Machine learning and artificial intelligence in physiologically based pharmacokinetic modeling

Abstract

Physiologically based pharmacokinetic (PBPK) models are useful tools in drug development and risk assessment of environmental chemicals. PBPK model development requires the collection of species-specific physiological, and chemical-specific absorption, distribution, metabolism, and excretion (ADME) parameters, which can be a time-consuming and expensive process.
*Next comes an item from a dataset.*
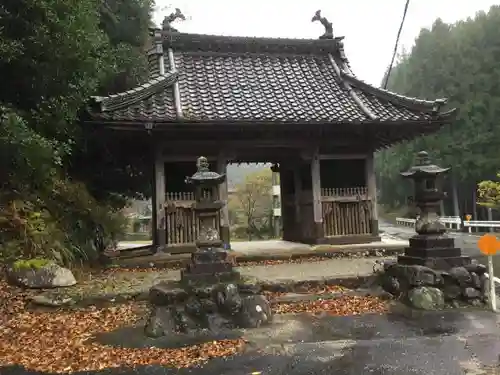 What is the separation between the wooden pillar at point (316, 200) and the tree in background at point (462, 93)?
20130 millimetres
This raises a need to create computational models capable of predicting input parameter values for PBPK models, especially for new compounds. In this review, we summarize an emerging paradigm for integrating PBPK modeling with machine learning (ML) or artificial intelligence (AI)-based computational methods. This paradigm includes 3 steps (1) obtain time-concentration PK data and/or ADME parameters from publicly available databases, (2) develop ML/AI-based approaches to predict ADME parameters, and (3) incorporate the ML/AI models into PBPK models to predict PK summary statistics (eg, area under the curve and maximum plasma concentration). We also discuss a neural network architecture "neural ordinary differential equation (Neural-ODE)" that is capable of providing better predictive capabilities than other ML methods when used to directly predict time-series PK profiles. In order to support applications of ML/AI methods for PBPK model development, several challenges should be addressed (1) as more data become available, it is important to expand the training set by including the structural diversity of compounds to improve the prediction accuracy of ML/AI models; (2) due to the black box nature of many ML models, lack of sufficient interpretability is a limitation; (3) Neural-ODE has great potential to be used to generate time-series PK profiles for new compounds with limited ADME information, but its application remains to be explored. Despite existing challenges, ML/AI approaches will continue to facilitate the efficient development of robust PBPK models for a large number of chemicals.

Keywords: in vitro to in vivo extrapolation (IVIVE); artificial intelligence; machine learning; pharmacometrics; physiologically based pharmacokinetic (PBPK) modeling; risk assessment.

Figure 1.

An emerging research paradigm to integrate machine learning and artificial intelligence approaches with physiologically based pharmacokinetic modeling. A, A database consisting of in vivo PK profiles and in vitro ADME assays (eg, permeability) is obtained from the literature, which is then used for the establishment of ML/DL-based model. B, ML/DL algorithms (eg, SVM, RF, and DNN) can be used to estimate ADME parameters by training with chemical descriptors and the properties of the molecules. These ADME parameters can be used as input parameters (eg, F, Cl, fu) for the development of a generic PBPK model. C, The ML-generic PBPK model can be used to generate the secondary PK parameters including AUC, C_max, and Vd and subsequently be evaluated with in vivo PK data. Once a PBPK model is evaluated to be adequate or acceptable at Step C, it can then be used to generate simulated time-concentration data, which in turn can be incorporated into existing databases or become a new database for Step A. Abbreviations: ADME, absorption, distribution, metabolism, and excretion; AUC, area under the curve; Cl, clearance; C_max, maximum plasma concentration; DL, deep learning; DNN, deep neural network; F, bioavailability; ML, machine learning; PBPK, physiologically based pharmacokinetic; PK, pharmacokinetic; RF, random forest; SVM, support vector machine; Vd, volume of distribution.

Figure 2.

Schematic of the neural ordinary differential equation (Neural-ODE) model. The Neural-ODE model consists of encoder, ODE solver, and decoder parts to predict the time-series PK profiles. The TFDS, TIME, CYCL, AMT, and PK cycle 1 observation are used as the input features in the RNN encoder part. Then ODE solvers are used to incorporate dosing information into the time sequence before the decoder generates the predictions. Abbreviations: AMT, the dosing amount in milligrams; CYCL, the current dosing cycle number; PK, pharmacokinetic; ODE, ordinary differential equation; RNN, recurrent neural network; TFDS, the time in hours between each dose; TIME, the time in hours since the start of the treatment. This figure was adapted based on Lu et al. (2021a) with permission from the publisher.